What is required »
Of all the entries below, only the lines from the one with "Geocities logo —" up to and including the one with "Hand drawn speech" are to be duplicated exactly.

Dataset »
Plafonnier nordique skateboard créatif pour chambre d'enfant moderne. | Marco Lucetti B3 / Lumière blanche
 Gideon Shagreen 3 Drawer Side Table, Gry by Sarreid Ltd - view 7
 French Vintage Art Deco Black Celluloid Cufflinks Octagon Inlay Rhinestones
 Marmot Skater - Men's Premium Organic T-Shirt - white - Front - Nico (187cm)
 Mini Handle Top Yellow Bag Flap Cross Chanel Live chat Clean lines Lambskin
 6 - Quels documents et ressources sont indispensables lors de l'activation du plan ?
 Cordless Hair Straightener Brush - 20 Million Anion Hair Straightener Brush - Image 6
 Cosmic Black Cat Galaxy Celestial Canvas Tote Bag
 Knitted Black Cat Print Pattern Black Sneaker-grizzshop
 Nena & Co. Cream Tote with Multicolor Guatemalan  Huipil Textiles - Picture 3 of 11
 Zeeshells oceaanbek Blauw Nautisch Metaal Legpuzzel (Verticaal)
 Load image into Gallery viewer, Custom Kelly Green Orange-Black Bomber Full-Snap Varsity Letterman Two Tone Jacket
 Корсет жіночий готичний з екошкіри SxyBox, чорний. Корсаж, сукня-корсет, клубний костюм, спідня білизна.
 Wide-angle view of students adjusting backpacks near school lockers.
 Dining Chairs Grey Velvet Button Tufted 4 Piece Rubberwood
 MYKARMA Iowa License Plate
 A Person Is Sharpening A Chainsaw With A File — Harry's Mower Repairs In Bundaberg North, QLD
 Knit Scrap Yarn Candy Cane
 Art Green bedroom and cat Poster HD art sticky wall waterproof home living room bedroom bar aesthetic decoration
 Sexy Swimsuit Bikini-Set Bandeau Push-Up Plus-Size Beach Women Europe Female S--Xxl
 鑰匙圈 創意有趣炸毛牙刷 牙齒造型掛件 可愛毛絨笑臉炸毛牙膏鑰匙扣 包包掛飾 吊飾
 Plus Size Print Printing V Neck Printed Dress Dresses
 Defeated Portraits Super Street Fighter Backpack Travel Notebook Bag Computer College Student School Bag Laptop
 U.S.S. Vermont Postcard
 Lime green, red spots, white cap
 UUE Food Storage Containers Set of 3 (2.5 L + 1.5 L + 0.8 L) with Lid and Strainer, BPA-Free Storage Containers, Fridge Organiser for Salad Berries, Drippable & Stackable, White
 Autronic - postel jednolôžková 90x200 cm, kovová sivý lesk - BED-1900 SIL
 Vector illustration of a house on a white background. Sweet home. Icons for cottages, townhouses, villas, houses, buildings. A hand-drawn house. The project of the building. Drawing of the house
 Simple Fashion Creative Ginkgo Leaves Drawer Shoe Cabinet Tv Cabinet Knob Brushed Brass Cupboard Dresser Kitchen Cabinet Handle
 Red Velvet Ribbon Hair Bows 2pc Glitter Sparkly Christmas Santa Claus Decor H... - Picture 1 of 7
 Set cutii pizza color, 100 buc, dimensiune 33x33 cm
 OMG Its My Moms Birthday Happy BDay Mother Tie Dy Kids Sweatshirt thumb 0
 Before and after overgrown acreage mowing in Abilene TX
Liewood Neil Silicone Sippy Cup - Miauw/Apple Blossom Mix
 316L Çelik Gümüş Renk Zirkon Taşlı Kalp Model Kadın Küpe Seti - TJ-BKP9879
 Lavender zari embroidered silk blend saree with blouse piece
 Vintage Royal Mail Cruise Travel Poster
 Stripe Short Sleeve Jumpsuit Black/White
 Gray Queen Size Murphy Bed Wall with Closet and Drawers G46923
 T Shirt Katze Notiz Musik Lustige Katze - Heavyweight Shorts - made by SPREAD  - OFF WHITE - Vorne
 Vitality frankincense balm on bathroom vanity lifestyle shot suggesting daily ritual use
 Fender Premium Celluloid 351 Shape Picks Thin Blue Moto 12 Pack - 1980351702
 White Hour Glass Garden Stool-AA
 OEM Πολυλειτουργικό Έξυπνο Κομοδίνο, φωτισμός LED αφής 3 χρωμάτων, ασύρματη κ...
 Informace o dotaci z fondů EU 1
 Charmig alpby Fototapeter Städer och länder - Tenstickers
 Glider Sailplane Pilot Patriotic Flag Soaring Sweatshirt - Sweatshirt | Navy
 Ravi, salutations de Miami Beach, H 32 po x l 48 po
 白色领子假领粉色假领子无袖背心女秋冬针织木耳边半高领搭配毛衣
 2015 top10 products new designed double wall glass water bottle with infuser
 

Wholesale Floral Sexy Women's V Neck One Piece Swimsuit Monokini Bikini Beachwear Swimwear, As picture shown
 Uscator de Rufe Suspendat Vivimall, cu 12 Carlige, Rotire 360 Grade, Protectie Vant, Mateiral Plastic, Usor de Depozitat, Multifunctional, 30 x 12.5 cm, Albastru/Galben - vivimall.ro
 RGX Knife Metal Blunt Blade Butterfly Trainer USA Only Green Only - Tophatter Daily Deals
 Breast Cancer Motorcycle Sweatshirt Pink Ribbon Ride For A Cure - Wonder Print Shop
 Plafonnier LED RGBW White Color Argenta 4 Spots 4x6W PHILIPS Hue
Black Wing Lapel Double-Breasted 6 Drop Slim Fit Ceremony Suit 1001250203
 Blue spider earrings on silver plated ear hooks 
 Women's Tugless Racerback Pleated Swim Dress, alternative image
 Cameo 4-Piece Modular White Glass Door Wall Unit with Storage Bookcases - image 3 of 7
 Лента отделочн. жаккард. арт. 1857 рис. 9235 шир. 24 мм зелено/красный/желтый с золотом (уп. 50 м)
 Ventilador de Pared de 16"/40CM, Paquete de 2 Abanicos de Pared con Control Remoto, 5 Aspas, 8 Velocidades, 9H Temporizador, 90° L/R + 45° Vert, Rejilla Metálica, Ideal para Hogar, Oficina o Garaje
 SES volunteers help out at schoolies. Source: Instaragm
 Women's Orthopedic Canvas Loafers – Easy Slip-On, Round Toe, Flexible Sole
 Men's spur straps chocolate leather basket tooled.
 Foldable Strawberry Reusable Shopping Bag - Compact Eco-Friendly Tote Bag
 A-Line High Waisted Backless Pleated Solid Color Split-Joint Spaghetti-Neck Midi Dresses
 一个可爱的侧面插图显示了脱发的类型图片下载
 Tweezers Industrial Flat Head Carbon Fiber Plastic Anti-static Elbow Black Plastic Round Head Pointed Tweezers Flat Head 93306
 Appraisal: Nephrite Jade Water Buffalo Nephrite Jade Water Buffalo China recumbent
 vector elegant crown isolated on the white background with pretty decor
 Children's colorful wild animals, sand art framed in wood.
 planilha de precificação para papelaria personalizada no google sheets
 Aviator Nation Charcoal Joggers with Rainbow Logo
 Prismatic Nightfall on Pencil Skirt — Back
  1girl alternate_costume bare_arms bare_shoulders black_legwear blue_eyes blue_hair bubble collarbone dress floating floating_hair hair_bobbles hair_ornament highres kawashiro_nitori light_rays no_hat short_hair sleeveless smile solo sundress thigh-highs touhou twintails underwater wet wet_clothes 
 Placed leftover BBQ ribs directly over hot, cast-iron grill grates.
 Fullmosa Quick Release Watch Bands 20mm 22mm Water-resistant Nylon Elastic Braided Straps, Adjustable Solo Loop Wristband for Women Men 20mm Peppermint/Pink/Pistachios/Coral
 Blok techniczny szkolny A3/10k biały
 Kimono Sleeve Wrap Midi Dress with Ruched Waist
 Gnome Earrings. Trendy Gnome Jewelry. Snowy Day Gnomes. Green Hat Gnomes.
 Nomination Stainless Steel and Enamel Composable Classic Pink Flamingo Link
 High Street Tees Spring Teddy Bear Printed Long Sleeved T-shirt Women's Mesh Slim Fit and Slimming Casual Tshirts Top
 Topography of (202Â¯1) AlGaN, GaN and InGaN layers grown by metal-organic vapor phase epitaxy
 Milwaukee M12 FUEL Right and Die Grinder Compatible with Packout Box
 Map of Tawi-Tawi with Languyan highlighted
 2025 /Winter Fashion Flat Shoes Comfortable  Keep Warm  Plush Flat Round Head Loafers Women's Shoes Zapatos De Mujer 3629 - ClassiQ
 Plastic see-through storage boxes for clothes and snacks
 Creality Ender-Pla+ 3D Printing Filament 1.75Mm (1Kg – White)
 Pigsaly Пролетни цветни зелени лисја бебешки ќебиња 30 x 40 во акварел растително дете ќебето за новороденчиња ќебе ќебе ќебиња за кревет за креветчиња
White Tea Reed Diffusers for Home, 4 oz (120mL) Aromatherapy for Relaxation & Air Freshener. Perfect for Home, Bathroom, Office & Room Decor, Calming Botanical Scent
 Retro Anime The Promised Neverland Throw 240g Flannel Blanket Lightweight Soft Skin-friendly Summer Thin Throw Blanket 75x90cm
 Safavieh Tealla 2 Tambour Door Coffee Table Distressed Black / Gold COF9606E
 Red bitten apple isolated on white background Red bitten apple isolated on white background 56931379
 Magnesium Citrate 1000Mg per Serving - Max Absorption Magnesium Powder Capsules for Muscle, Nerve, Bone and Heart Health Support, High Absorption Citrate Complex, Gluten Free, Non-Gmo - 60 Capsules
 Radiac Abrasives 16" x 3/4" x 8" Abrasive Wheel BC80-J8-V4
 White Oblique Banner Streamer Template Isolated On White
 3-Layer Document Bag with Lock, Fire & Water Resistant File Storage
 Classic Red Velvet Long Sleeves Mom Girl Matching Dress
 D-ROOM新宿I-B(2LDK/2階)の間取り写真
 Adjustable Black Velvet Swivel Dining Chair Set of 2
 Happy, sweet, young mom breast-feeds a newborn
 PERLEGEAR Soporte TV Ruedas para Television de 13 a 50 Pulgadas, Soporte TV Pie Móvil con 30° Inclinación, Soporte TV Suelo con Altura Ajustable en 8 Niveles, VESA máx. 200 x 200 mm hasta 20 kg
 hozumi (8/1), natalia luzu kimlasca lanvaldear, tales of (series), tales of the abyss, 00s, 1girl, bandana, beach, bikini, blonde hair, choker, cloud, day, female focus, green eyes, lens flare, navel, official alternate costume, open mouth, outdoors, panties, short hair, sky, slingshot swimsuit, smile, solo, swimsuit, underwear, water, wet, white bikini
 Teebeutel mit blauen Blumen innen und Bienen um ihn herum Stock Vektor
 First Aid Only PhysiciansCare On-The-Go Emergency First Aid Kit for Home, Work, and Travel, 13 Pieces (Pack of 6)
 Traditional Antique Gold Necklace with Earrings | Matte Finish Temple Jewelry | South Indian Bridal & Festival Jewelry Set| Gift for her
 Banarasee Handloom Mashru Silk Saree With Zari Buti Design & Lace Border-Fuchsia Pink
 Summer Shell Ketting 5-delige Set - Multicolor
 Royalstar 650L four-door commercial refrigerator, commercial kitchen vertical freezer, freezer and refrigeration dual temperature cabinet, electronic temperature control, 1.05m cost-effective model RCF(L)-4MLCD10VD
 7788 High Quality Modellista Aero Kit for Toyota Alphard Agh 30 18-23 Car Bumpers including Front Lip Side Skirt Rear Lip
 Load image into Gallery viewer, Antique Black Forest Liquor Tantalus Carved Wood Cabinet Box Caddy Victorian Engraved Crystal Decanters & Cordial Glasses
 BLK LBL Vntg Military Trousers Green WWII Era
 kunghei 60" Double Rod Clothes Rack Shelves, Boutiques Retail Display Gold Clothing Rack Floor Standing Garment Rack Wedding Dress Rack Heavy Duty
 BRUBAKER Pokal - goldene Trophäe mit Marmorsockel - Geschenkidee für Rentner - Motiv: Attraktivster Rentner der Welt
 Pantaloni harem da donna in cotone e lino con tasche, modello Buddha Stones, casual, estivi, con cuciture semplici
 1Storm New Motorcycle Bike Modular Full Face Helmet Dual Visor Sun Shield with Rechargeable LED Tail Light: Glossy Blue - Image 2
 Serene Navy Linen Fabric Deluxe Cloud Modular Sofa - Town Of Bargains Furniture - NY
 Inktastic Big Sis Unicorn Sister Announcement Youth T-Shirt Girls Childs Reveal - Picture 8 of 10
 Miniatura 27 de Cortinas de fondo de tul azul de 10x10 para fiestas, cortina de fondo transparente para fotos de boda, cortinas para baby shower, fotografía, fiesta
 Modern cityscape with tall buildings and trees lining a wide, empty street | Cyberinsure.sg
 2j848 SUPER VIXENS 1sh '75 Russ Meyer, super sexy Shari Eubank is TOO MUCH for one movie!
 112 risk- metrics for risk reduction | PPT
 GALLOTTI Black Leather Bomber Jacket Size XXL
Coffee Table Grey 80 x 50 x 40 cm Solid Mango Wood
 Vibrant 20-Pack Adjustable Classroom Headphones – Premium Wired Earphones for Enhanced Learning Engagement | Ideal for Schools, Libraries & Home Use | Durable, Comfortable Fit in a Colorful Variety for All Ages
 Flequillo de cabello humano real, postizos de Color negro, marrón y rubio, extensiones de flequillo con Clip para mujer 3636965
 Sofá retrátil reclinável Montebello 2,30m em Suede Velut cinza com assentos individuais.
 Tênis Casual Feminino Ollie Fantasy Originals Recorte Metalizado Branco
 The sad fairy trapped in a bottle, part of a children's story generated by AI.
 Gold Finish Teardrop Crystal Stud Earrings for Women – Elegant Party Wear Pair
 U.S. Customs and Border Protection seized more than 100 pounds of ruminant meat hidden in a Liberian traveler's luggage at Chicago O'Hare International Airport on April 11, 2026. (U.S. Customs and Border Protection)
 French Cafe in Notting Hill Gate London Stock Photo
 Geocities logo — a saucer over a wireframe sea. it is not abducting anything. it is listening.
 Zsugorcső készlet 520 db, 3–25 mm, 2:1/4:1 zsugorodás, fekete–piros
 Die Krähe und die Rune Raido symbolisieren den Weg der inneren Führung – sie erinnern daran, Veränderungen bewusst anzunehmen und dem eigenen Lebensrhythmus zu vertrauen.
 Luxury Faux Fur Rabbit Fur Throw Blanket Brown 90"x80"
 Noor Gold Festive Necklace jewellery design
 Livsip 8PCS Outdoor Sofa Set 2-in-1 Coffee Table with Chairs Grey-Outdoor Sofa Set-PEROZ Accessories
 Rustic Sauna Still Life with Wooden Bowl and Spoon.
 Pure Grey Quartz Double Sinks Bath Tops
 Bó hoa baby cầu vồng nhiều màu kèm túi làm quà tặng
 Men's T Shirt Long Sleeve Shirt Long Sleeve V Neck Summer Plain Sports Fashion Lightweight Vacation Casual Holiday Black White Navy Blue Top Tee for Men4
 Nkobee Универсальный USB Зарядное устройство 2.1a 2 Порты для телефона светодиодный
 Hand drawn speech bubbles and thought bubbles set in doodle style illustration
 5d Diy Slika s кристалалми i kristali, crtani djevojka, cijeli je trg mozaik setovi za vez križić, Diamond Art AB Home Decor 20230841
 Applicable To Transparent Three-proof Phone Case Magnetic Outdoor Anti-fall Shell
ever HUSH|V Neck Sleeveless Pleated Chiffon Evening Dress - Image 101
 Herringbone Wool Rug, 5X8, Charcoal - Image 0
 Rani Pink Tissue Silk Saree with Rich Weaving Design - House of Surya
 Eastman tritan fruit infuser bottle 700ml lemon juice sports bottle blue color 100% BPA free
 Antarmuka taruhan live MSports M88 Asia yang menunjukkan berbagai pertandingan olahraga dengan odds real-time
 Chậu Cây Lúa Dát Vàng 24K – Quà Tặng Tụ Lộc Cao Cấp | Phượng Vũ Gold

Exercise output »
 Geocities logo — a saucer over a wireframe sea. it is not abducting anything. it is listening.
 Zsugorcső készlet 520 db, 3–25 mm, 2:1/4:1 zsugorodás, fekete–piros
 Die Krähe und die Rune Raido symbolisieren den Weg der inneren Führung – sie erinnern daran, Veränderungen bewusst anzunehmen und dem eigenen Lebensrhythmus zu vertrauen.
 Luxury Faux Fur Rabbit Fur Throw Blanket Brown 90"x80"
 Noor Gold Festive Necklace jewellery design
 Livsip 8PCS Outdoor Sofa Set 2-in-1 Coffee Table with Chairs Grey-Outdoor Sofa Set-PEROZ Accessories
 Rustic Sauna Still Life with Wooden Bowl and Spoon.
 Pure Grey Quartz Double Sinks Bath Tops
 Bó hoa baby cầu vồng nhiều màu kèm túi làm quà tặng
 Men's T Shirt Long Sleeve Shirt Long Sleeve V Neck Summer Plain Sports Fashion Lightweight Vacation Casual Holiday Black White Navy Blue Top Tee for Men4
 Nkobee Универсальный USB Зарядное устройство 2.1a 2 Порты для телефона светодиодный
 Hand drawn speech bubbles and thought bubbles set in doodle style illustration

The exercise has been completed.